As he did at the panel stage, Judge Clay defended the application of the Anti-Injunction Act, which here bars CIC Services from challenging the IRS’s categorization of an in-house insurance company as a tax shelter. He minced no words, characterizing Judge Thapar’s en banc “dissental” (itself a defense of Judge Nalbandian’s earlier panel dissent) as an attempt “to inflict death by distorted originalism on the modern administrative state.” According to Judge Clay, the case was “about statutory interpretation, not about the constitutionality of the so-called administrative state, or even the constitutionality of the AIA.”

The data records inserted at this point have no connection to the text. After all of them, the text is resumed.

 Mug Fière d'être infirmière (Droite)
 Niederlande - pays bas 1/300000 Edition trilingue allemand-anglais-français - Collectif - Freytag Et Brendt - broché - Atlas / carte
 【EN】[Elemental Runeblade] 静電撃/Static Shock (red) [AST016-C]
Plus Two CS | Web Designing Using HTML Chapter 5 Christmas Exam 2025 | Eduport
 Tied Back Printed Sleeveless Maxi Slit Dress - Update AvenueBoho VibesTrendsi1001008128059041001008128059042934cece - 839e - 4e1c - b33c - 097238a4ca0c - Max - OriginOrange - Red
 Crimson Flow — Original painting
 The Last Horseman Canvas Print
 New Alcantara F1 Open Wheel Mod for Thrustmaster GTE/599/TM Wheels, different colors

Judge Thapar disagreed, writing (on behalf of six other judges) that the AIA shouldn’t apply because it only “applies to suits ‘for the purpose of restraining the assessment or collection of a tax.’” And this case wasn’t about taxes; it was about civil penalties for failing to report information to the IRS. See Autocam Corp. v. Sebelius (distinguishing the assessment or collection of a tax from an underlying policy rule), and Seven-Sky v. Holder, 661 F.3d 1, 8–10 (D.C. Cir. 2011), abrogated on other grounds by NFIB v. Sebelius, 567 U.S. 519. “Indeed, CIC currently has no ‘tax’ liability under this regulatory regime and may never incur any such liability.”

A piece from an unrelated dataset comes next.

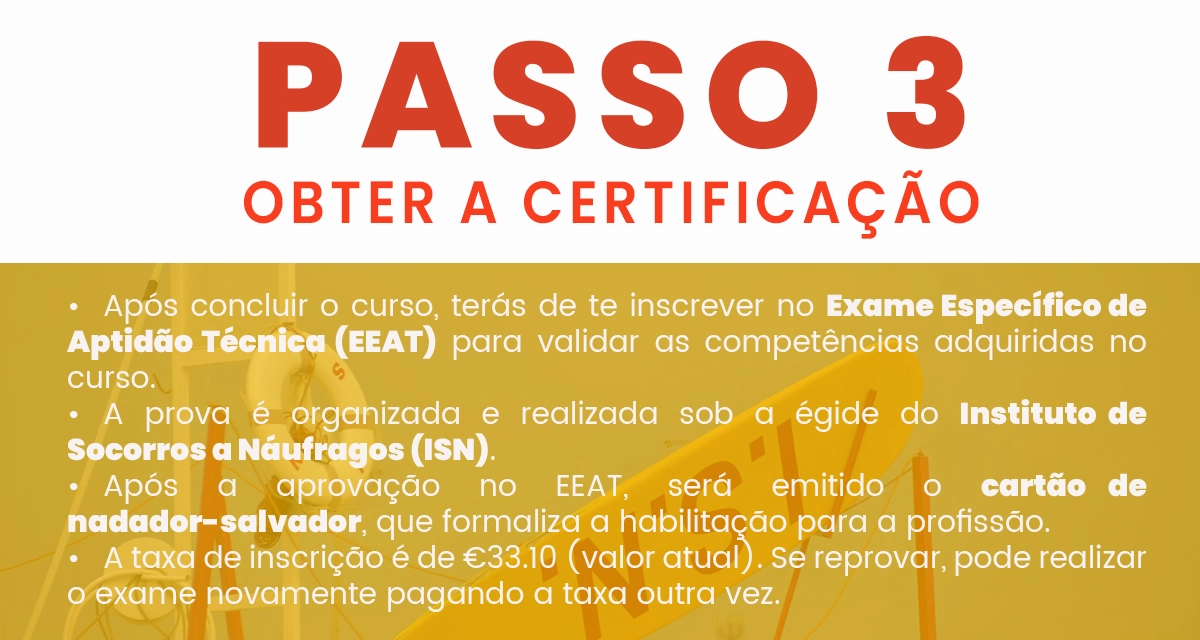 5 passos para te tornares nadador-salvador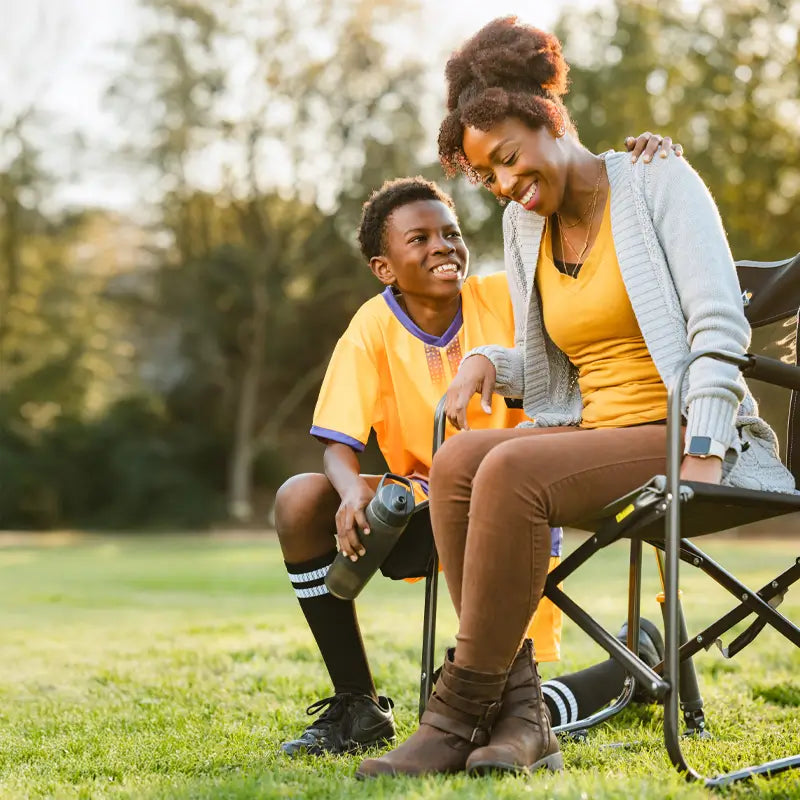 Smooth Motion Freestyle Rocker - Choice 711 - Patented Spring-Action Rocking Chair for Camping Detail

According to Judge Thapar, applying the AIA here unfetters the IRS’s “power to impose sweeping ‘guidance’ across areas of public and private life.” “In this country,” Thapar asserted, “people should not have to risk prison time in order to challenge the lawfulness of government action. In this circuit, they now do.”

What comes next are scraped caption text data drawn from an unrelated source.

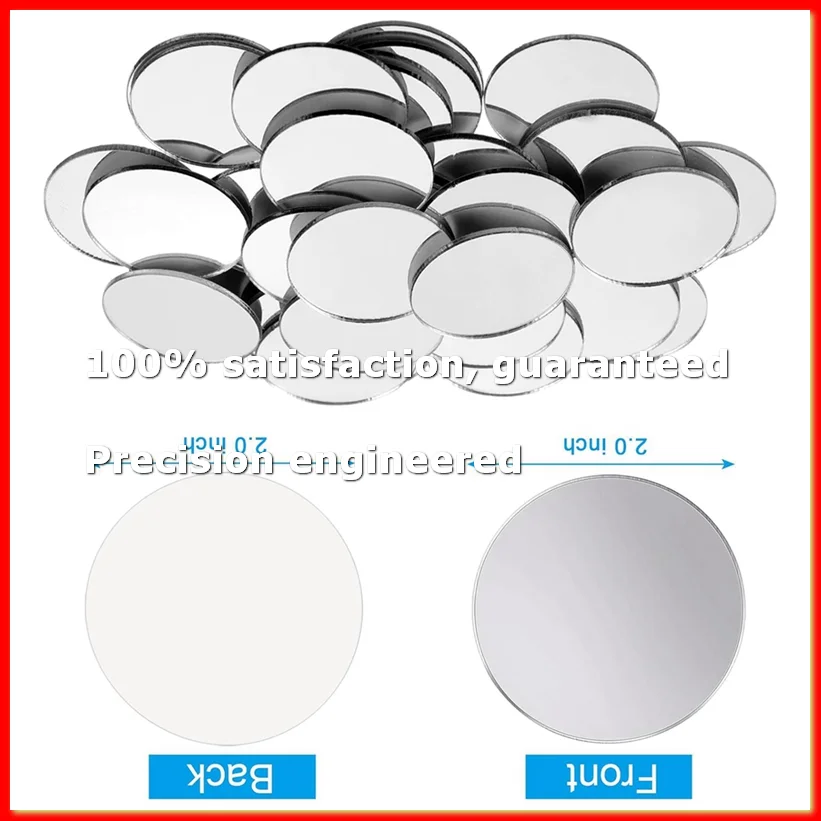 Mini Size Acrylic Round Mirror Adhesive Small Round Mirror Circles Craft Mirror Tiles for Crafts (100PCS, 2 Inch)-A79M
Mini Size Acrylic Round Mirror Adhesive Small Round Mirror Circles Craft Mirror Tiles for Crafts (100PCS, 2 Inch)-A79M
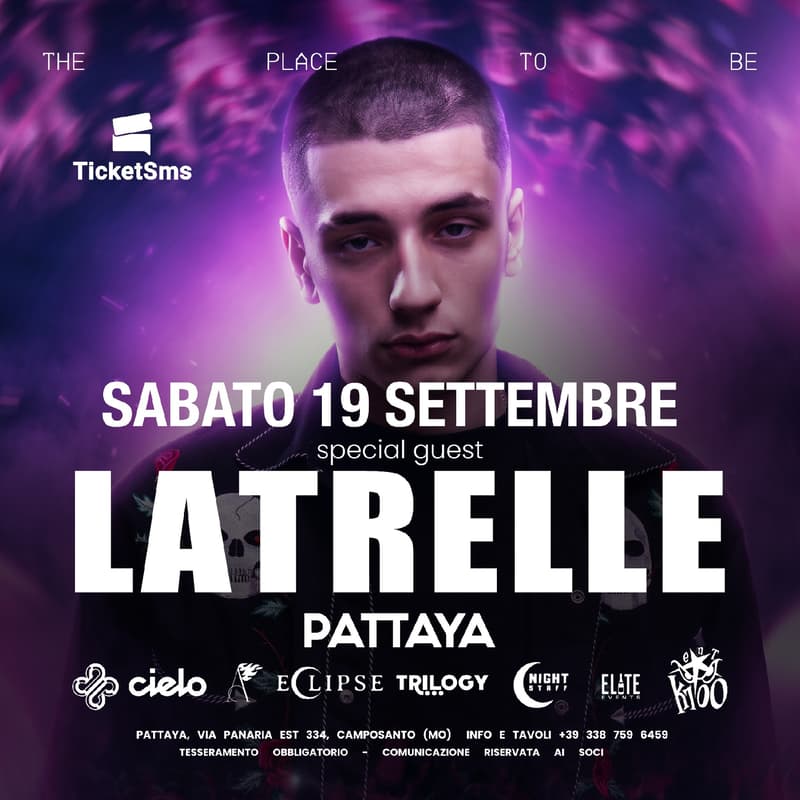Cover Image for SABATO 19 SETTEMBRE // LATRELLE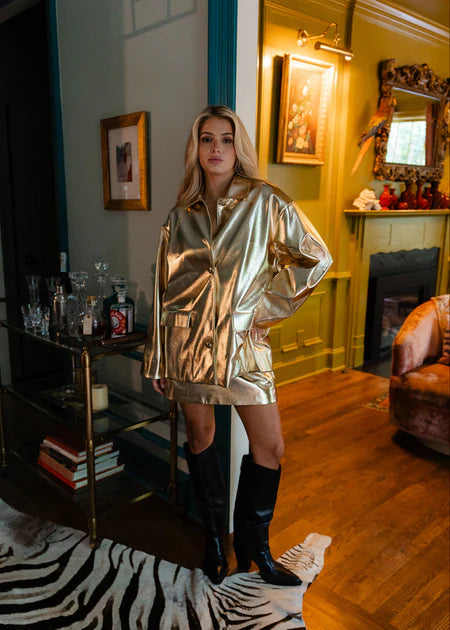 Goldie Glow Shacket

Judge Sutton was in the pivot. His concurrence in the denial of rehearing expressed sympathy with the view of Judges Nalbandian and Thapar—at least “as an original matter.” Given the conflicting opinions from the Supreme Court, D.C. Circuit, and now the Sixth Circuit, however, he reminded his colleagues (and perhaps clerks reviewing a future cert petition?) that the ball had already passed to the high court:

“In a dispute in which the Court’s decisions plausibly point in opposite directions, it’s worth asking what value we would add to the mix by en-bancing the case in order to create the very thing that generally prompts more review: a circuit split.”

Particularly one involving a 2015 opinion of then-Judge Kavanaugh. Judge Sutton called on his colleagues that a “little caution” was “is in order when it comes to judging the efforts of our colleagues on this court and on the D.C. Circuit to sort this out.”